#### EXERCISE
The line with "Louis Vuitton V.N.R" marks the start; write out that line and all following lines through the end of the listing, exactly.

#### SUPPLIED INFORMATION
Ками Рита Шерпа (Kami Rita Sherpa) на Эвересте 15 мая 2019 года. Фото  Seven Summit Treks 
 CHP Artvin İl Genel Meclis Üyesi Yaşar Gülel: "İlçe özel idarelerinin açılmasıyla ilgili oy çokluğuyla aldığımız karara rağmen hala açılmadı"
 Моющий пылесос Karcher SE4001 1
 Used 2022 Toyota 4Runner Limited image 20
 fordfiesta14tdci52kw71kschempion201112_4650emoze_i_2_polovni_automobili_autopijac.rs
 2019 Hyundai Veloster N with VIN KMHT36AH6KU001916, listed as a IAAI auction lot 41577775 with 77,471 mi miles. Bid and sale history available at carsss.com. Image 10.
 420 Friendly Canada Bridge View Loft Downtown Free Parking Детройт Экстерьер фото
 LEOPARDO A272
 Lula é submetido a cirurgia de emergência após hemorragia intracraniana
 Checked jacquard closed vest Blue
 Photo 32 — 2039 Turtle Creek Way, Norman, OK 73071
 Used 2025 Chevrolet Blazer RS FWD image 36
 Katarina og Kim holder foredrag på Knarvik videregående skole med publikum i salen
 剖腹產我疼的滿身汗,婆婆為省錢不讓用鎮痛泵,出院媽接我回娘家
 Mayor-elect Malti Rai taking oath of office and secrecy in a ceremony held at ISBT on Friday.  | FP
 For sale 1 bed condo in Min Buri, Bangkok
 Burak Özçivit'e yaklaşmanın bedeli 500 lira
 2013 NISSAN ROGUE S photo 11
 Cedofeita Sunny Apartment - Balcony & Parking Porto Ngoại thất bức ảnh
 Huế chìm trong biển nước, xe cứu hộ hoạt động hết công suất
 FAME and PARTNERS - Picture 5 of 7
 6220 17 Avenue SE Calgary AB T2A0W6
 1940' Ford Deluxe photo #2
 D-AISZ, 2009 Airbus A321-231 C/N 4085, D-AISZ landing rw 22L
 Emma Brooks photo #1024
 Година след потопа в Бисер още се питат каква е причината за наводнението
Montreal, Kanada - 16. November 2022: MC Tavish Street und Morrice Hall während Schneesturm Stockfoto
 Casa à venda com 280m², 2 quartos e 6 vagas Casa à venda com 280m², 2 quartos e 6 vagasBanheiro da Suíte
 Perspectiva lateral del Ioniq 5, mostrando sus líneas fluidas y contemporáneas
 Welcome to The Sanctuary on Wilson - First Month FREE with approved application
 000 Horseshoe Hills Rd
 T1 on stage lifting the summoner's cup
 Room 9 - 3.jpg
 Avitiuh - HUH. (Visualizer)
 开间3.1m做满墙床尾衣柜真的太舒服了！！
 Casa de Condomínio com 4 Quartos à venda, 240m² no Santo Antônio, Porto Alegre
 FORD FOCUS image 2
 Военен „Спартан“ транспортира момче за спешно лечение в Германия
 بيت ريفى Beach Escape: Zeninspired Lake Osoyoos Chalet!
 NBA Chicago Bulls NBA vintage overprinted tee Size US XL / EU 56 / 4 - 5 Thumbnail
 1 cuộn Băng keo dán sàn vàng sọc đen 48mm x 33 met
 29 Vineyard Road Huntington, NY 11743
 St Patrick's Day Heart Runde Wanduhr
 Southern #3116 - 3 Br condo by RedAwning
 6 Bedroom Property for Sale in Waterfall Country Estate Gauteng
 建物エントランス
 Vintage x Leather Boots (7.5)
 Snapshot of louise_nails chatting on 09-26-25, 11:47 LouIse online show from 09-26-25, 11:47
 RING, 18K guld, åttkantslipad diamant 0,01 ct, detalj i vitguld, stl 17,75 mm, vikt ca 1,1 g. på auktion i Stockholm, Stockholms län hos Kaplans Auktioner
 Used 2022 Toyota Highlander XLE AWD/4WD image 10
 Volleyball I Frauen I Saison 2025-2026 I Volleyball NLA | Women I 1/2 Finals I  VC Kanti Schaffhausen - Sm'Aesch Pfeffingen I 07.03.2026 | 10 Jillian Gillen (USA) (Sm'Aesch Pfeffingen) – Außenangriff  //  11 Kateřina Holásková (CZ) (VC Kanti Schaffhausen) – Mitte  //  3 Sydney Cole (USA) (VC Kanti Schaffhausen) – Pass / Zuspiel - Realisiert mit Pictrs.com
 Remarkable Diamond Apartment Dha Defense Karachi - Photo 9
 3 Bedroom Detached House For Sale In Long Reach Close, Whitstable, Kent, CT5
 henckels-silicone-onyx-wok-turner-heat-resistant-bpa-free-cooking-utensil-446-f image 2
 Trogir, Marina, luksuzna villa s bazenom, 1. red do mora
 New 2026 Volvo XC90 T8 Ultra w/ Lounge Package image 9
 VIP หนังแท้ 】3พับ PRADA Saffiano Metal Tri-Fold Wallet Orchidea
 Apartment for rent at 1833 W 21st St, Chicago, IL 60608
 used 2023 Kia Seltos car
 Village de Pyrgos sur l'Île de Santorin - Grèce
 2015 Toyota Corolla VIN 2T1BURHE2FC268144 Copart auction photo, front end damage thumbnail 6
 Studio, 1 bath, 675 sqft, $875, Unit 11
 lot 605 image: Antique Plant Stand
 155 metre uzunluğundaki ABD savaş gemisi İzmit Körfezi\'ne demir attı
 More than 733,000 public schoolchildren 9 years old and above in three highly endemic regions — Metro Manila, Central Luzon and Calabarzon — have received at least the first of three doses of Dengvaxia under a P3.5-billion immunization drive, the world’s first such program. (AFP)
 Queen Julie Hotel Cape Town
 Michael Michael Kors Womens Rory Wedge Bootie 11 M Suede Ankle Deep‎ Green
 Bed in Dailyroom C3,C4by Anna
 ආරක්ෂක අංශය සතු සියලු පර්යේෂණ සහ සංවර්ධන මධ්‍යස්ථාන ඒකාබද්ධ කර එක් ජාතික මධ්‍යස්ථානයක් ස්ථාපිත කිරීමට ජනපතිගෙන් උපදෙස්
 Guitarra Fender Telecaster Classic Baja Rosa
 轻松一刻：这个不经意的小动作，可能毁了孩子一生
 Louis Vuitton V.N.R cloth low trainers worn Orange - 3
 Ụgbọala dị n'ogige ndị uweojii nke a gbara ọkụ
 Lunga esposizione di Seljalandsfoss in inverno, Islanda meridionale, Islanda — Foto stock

#### TASK ANSWER
 Louis Vuitton V.N.R cloth low trainers worn Orange - 3
 Ụgbọala dị n'ogige ndị uweojii nke a gbara ọkụ
 Lunga esposizione di Seljalandsfoss in inverno, Islanda meridionale, Islanda — Foto stock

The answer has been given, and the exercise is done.